Within-individual comparisons

Few studies have directly examined satisfaction with skewed payment structures. A seminal paper by Parducci (1968) gave participants either positively or negatively skewed payment structures. On each of many trials, participants received a payment after selecting one of three cards. After each payment the participants rated their satisfaction with that payment. The average of the satisfaction ratings was higher when the payment structure was negatively skewed. This finding is important because ratings along hedonic scales such as satisfaction or well-being is sometimes interpreted as an important component of utility (Oswald & Wu, 2010; Sandvik, Diener, & Seidlitz, 1993). However, the study did not examine participants’ satisfaction with the overall sequence of payments that they received (e.g., by asking them for a summary satisfaction judgment at the end of the study). The study also did not examine individual differences (i.e., to discover whether all participants’ response patterns were individually best described by range frequency theory) and does not allow us to determine whether the range-only model, or the range frequency theory compromise, best fit the data.

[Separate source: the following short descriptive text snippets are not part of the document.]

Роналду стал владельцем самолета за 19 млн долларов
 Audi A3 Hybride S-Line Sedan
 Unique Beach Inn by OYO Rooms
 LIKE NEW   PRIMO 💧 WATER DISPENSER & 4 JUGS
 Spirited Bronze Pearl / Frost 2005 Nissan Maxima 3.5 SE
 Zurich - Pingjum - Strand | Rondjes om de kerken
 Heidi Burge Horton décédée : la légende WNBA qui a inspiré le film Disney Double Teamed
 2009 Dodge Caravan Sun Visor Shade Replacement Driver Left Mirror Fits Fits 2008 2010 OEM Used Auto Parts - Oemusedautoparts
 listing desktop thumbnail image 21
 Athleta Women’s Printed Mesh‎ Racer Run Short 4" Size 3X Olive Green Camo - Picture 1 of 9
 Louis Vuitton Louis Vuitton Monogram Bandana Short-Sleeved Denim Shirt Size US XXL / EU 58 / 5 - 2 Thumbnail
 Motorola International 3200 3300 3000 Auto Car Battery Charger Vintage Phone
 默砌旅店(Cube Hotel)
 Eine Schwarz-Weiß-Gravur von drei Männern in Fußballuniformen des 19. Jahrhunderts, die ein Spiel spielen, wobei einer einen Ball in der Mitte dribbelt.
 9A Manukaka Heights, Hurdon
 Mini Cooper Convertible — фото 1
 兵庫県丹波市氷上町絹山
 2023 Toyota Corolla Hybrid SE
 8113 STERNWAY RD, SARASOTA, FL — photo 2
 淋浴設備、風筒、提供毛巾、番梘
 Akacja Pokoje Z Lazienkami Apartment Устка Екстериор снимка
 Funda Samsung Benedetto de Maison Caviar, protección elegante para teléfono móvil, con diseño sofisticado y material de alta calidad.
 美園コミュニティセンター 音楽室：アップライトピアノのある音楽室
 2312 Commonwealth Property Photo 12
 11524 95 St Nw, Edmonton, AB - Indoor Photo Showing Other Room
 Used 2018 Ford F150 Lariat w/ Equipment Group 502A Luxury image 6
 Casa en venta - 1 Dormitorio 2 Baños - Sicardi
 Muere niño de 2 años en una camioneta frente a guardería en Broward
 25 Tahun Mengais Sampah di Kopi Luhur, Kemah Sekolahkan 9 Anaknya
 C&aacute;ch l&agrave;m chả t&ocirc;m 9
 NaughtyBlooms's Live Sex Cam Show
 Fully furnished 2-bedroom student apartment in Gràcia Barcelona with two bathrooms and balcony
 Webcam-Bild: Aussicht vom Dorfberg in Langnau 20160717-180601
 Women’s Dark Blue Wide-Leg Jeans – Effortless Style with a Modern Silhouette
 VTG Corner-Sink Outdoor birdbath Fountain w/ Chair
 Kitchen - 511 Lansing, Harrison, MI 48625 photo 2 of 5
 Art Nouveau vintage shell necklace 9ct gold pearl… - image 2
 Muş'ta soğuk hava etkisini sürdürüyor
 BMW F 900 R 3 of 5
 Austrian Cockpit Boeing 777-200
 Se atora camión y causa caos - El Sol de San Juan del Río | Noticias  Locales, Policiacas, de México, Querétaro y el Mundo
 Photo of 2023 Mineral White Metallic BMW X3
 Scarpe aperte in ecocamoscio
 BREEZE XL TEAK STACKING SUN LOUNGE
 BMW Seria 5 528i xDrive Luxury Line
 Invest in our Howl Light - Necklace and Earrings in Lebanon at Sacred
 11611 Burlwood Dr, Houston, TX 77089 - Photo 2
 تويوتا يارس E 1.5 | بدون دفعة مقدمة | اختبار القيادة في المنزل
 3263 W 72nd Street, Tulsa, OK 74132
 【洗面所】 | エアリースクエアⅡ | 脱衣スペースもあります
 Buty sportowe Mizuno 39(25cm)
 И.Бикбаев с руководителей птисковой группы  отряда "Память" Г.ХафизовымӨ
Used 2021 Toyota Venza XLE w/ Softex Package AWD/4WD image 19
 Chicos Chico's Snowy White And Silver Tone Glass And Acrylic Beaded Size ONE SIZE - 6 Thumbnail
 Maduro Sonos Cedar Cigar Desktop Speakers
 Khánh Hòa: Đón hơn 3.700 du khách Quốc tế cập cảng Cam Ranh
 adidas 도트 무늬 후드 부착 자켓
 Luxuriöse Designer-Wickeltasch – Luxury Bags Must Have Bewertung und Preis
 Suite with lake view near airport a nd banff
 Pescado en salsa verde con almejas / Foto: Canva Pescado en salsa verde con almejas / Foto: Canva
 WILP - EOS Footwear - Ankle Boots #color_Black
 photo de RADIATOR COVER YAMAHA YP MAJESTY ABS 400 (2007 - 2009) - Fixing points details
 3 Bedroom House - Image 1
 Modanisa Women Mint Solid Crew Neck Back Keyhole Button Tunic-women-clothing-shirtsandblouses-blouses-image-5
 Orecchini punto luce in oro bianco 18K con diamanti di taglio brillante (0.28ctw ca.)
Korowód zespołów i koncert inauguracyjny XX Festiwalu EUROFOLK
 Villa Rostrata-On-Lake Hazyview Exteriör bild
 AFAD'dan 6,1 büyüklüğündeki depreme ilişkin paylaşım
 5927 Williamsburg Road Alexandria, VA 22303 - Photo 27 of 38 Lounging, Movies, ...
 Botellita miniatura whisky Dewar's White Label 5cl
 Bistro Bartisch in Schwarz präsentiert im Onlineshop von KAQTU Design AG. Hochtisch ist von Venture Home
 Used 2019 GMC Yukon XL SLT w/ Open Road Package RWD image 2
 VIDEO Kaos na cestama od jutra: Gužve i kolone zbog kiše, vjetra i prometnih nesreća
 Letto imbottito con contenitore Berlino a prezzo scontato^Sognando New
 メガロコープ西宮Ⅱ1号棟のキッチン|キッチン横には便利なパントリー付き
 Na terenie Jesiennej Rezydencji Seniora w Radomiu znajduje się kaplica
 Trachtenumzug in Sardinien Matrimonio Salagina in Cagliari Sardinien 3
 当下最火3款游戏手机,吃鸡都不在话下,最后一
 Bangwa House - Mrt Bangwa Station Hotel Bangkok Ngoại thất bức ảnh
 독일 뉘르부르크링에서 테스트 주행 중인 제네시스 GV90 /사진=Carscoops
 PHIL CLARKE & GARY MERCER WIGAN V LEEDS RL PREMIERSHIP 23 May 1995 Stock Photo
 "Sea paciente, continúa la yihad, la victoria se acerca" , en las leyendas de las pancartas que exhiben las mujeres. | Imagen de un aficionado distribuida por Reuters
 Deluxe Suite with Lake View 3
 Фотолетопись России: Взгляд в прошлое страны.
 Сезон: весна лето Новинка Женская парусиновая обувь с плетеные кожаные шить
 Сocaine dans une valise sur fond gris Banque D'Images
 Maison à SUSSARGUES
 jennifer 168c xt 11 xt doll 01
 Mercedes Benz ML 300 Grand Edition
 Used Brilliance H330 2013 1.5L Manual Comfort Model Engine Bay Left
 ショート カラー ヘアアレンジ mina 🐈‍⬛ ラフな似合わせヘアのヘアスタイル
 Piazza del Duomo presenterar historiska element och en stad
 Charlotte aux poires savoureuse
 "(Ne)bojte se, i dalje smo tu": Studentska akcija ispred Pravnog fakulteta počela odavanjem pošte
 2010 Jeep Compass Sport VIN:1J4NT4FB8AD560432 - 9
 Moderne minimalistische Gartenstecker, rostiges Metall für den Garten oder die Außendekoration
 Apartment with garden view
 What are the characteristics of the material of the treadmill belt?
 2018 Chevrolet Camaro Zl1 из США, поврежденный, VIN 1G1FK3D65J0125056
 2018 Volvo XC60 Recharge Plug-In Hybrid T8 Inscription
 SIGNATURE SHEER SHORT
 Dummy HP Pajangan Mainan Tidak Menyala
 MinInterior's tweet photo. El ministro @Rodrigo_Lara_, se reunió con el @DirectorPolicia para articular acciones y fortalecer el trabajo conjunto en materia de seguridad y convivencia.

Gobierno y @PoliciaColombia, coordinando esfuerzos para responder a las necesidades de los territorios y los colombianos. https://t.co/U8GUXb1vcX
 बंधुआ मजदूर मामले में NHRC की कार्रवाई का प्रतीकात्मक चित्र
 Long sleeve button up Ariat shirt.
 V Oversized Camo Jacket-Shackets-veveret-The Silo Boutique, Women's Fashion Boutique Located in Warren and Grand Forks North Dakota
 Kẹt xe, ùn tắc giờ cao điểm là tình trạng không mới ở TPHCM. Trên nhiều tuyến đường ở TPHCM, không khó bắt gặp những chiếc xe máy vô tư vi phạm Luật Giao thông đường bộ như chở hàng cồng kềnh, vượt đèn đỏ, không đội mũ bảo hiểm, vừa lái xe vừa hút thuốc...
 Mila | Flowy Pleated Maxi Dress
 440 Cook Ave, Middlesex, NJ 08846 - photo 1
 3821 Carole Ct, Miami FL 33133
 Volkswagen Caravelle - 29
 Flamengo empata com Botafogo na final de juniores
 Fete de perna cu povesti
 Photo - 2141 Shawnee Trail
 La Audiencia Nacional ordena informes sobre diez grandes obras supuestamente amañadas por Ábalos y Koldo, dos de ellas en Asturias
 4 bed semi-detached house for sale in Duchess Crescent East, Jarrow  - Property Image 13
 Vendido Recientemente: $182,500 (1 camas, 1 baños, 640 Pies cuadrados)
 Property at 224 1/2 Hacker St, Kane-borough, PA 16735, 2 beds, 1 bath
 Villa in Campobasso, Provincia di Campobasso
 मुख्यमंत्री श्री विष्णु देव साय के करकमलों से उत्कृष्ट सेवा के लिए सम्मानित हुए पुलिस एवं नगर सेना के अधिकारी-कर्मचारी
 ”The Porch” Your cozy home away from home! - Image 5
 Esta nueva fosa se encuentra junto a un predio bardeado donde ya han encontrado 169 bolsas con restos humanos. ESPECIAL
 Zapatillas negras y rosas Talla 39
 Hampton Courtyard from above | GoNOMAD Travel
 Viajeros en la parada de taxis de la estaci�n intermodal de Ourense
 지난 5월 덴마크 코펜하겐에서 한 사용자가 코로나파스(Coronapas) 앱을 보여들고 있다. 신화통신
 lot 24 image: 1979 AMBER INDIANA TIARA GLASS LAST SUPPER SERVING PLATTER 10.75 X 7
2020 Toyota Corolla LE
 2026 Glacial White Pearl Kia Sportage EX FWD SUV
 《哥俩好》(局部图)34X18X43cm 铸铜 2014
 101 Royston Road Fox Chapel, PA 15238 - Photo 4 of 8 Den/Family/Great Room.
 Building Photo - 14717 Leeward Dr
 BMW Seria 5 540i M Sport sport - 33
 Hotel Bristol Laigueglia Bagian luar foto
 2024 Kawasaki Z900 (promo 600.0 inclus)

Smith, Diener and Wedell (1989) found that summary evaluations were higher for negatively skewed payment structures. Smith et al. asked participants to rate the happiness they would experience with a series of six hypothetical tips and then to rate their overall happiness with the distribution of tips. The tip amounts were either positively or negatively skewed. The mean of the payments ratings and the summary judgment were both higher when the distributions of tips were negatively skewed. These results, like those of Parducci (1968; see also Parducci, 1995) are consistent with the expectation that negative skewed payment distributions will be preferred but (unlike Parducci, 1968) used only hypothetical payments that were not experienced sequentially.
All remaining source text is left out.